> **What the task requires**
The line containing "Off-White Alpaca Beanie" marks the end; return exactly every line from the start of the records up to and including it, but no pictures.

> **Records for processing**
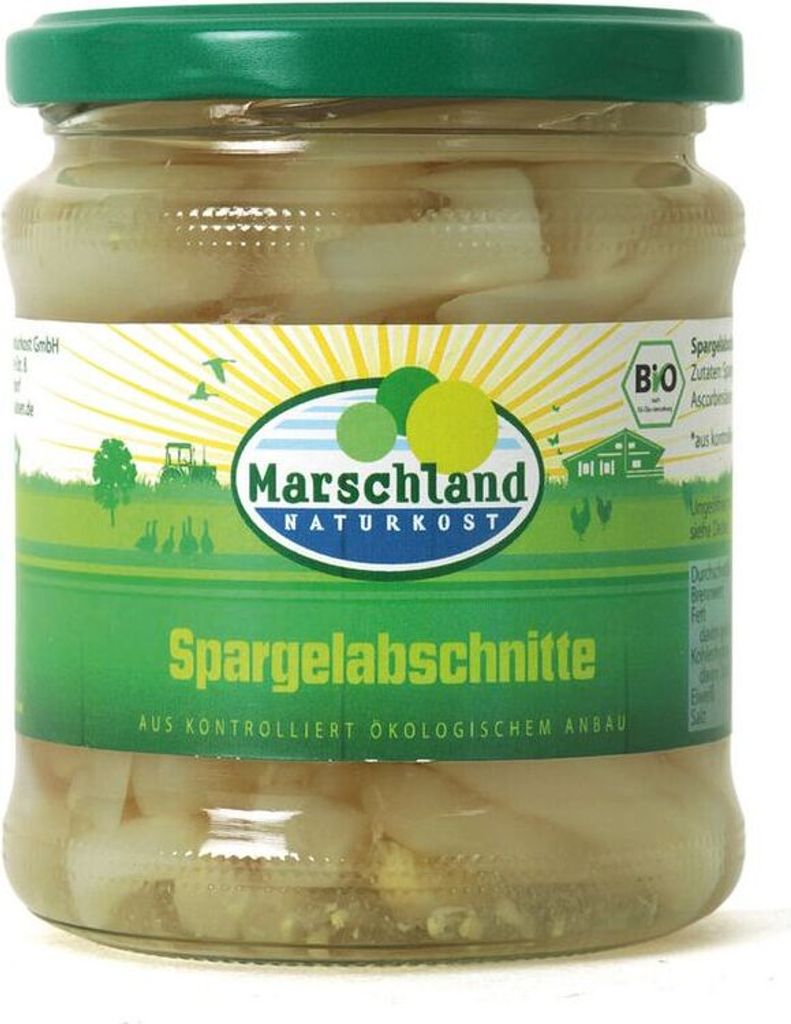 Marschland Asparagus Trimmings 370 ml -- 0.23 kg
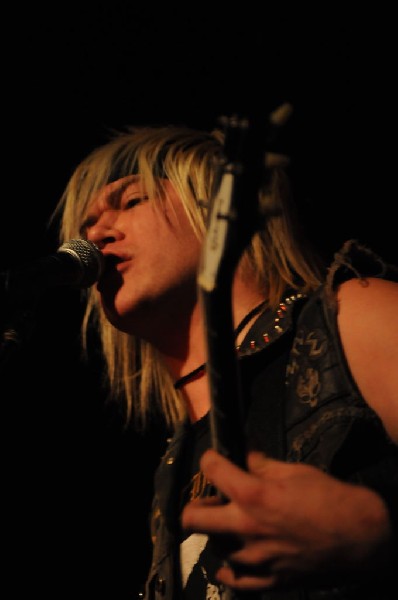 Toxic Holocaust at La Zona Rosa, Austin, Texas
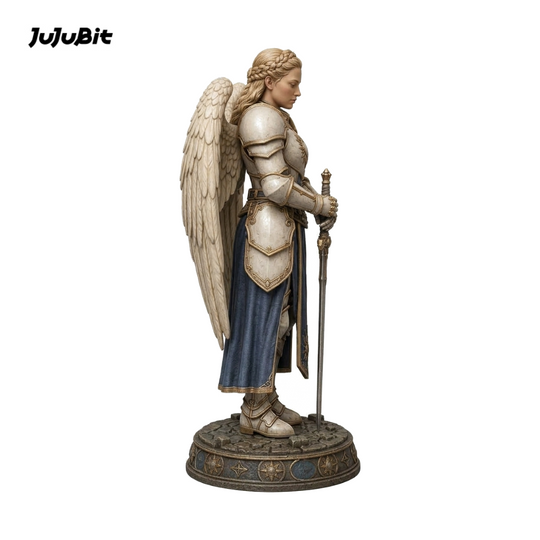 Goldvow Aasimar Paladin-Detailed Sculpt Miniature for RPG, Display & Collection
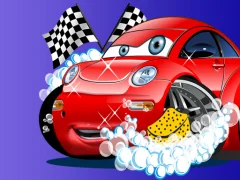 Игра Car Wash With John онлајн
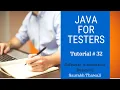 Java for Software Testers Tutorial - Method Overloading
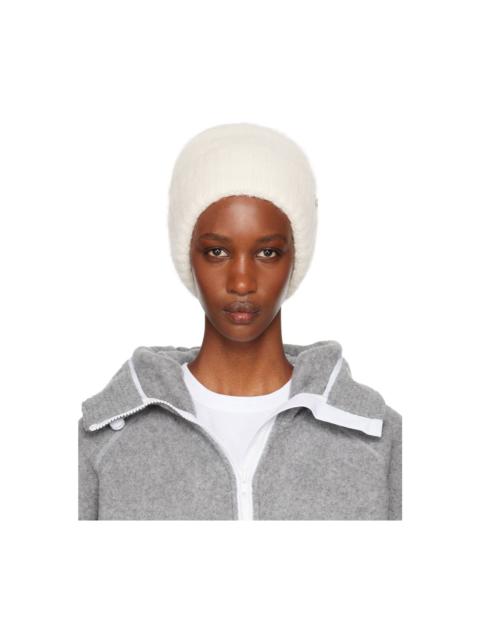 Off-White Alpaca Beanie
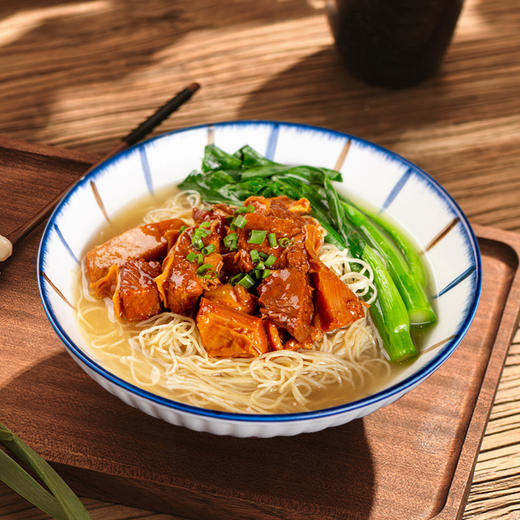 【寿桃】竹升面（手挽装）·12包/箱·传统手工制面·口感筋道爽滑·面香浓郁 商品图7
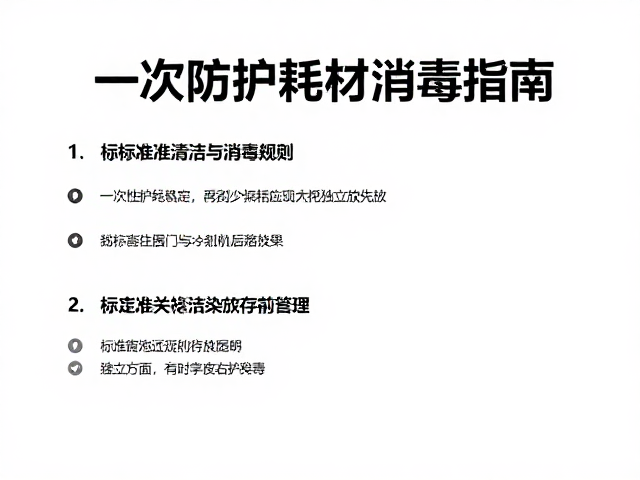 美容工具设备使用规范,一次性防护耗材与染色类耗材独立存放指南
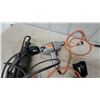 Image 3 : Black and Decker Angle Grinder, Black and Decker 1/2” Drill, and Black and Decker 3/8” Drill
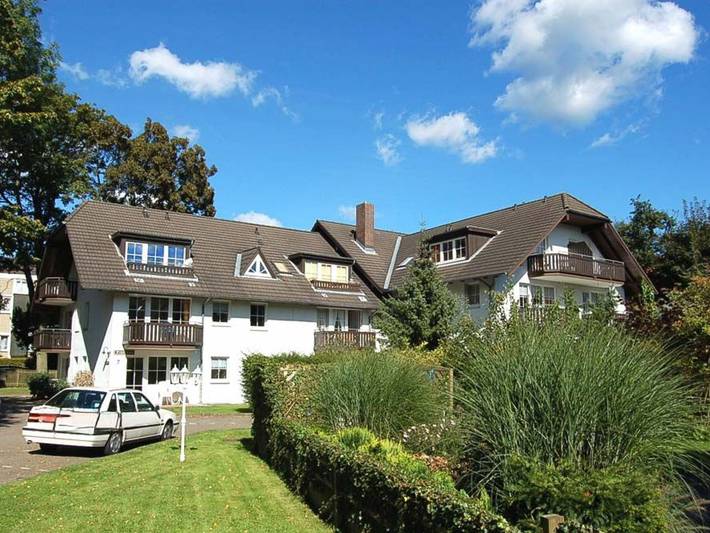 Ferienwohnung für 4 Personen, mit Balkon in Timmendorfer Strand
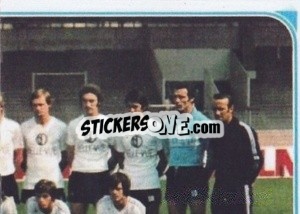 Figurina Equipe - Football Belgium 1976-1977 n. 16 - Panini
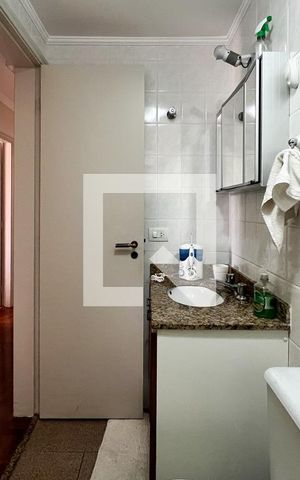 Apartamento à venda com 87m², 3 quartos e 2 vagasBanheiro Social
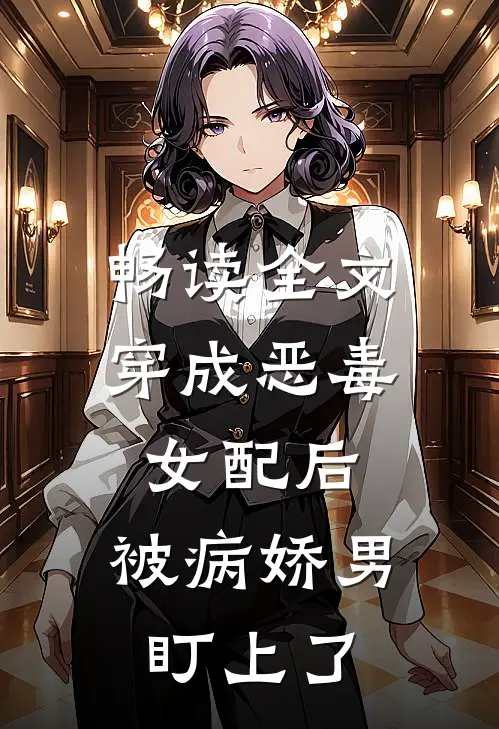 畅读全文穿成恶毒女配后，被病娇男盯上了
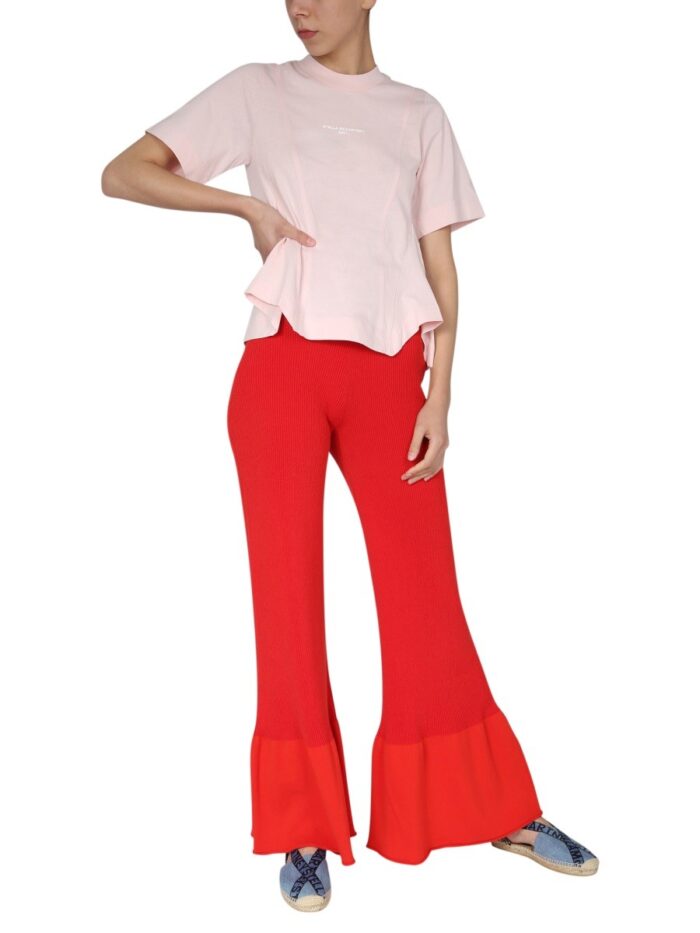 Stella Mccartney T-SHIRT WITH LOGO PRINT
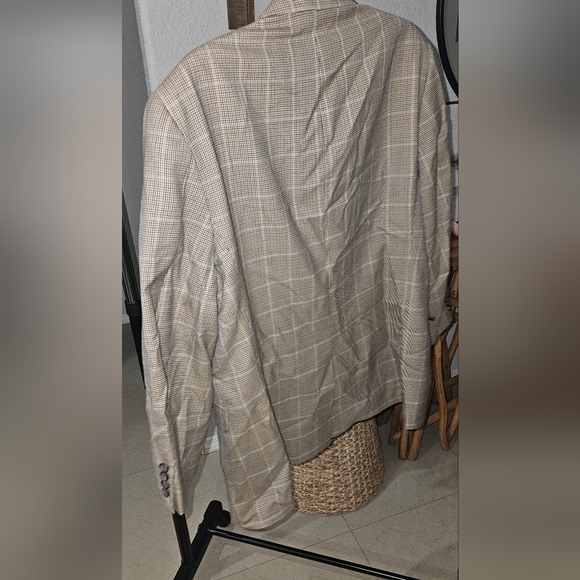 BROOKS BROTHERS 346 MADISON FIT MEN'S JACKET BLAZER SZ 43R - Picture 6 of 8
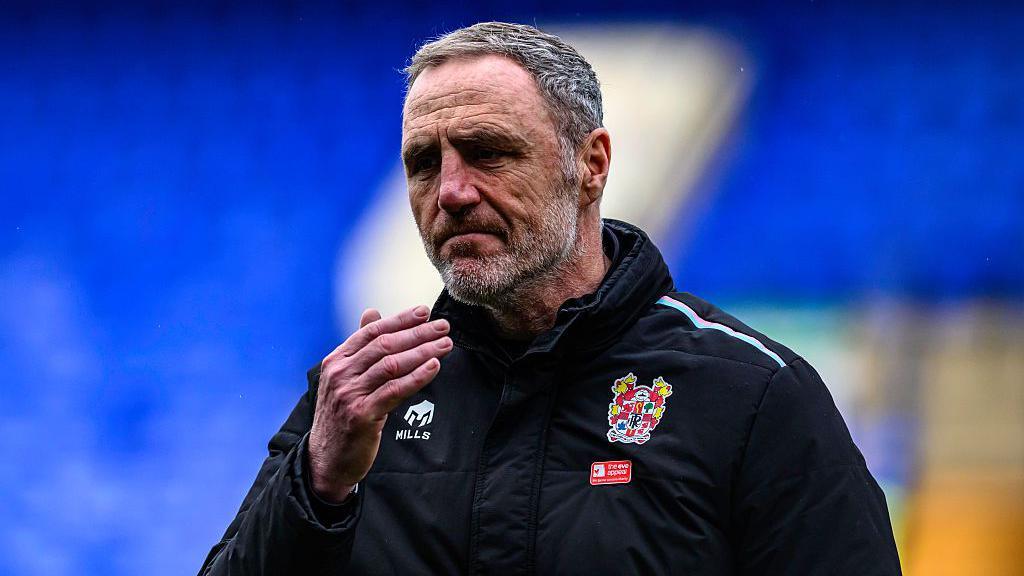 Tranmere boss Andy Crosby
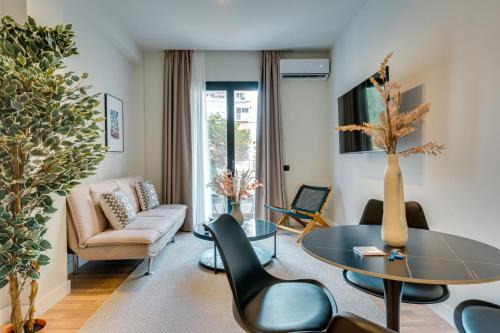 Kypseli Apartment | Skyline Spa Athens 110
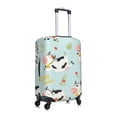 thumbnail image 3 of Bixox Washable Cute Cows Printed Luggage Cover, Fashion Suitcase Protector Fits for X-Large luggage, 3 of 8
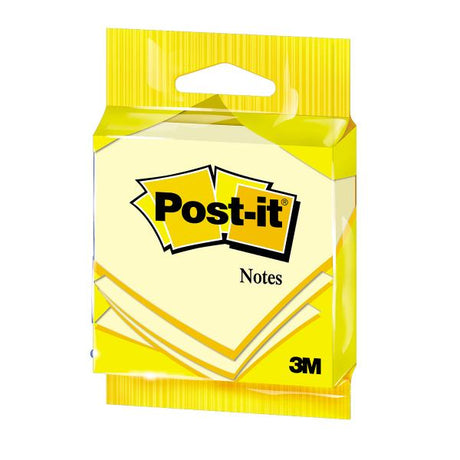 Post-it - Notes - Canary Yellow - 76mm x 76mm - 100 Sheets by Post-it on Schoolbooks.ie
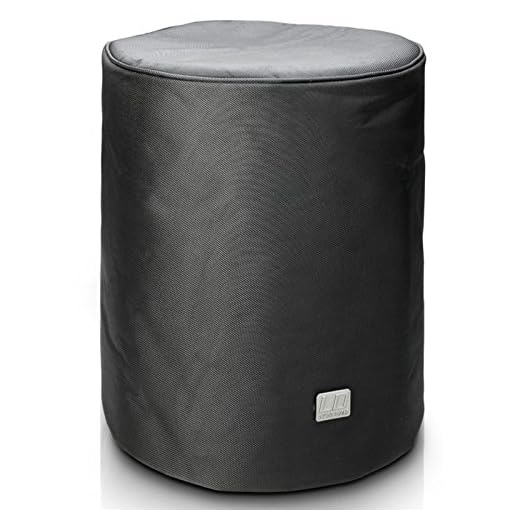 LD Systems MAUI 5 SUB PC - Funda protectora para el subwoofer LD MAUI 5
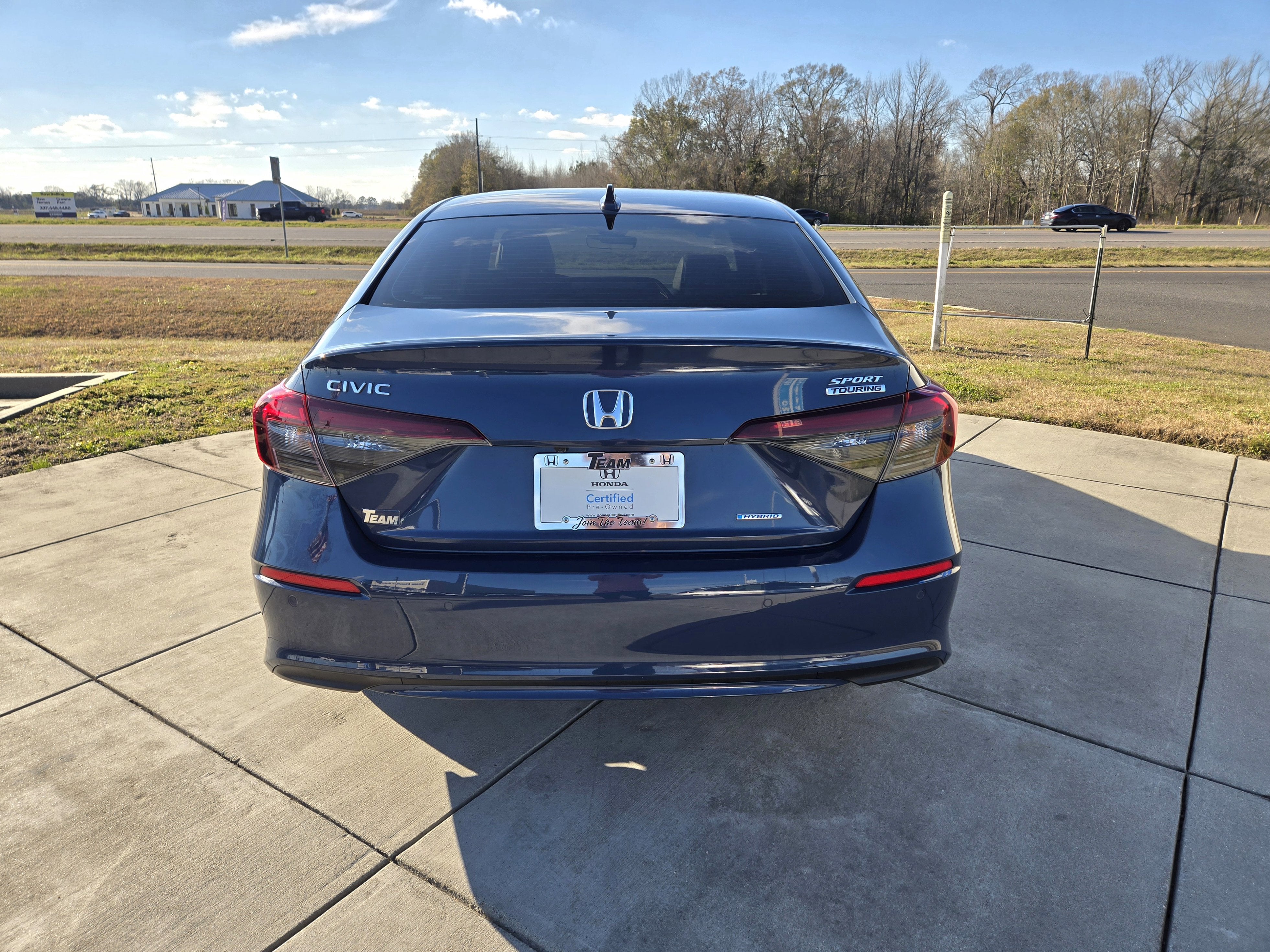 2025 Honda Civic Sedan Hybrid Sport Touring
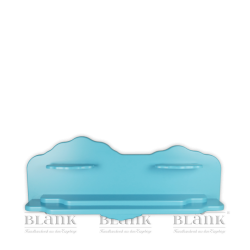 WOFR 001  Cloud Shelf, coloured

> **Result of the exercise**
 Marschland Asparagus Trimmings 370 ml -- 0.23 kg
 Toxic Holocaust at La Zona Rosa, Austin, Texas
 Goldvow Aasimar Paladin-Detailed Sculpt Miniature for RPG, Display & Collection
 Игра Car Wash With John онлајн
 Java for Software Testers Tutorial - Method Overloading
 Off-White Alpaca Beanie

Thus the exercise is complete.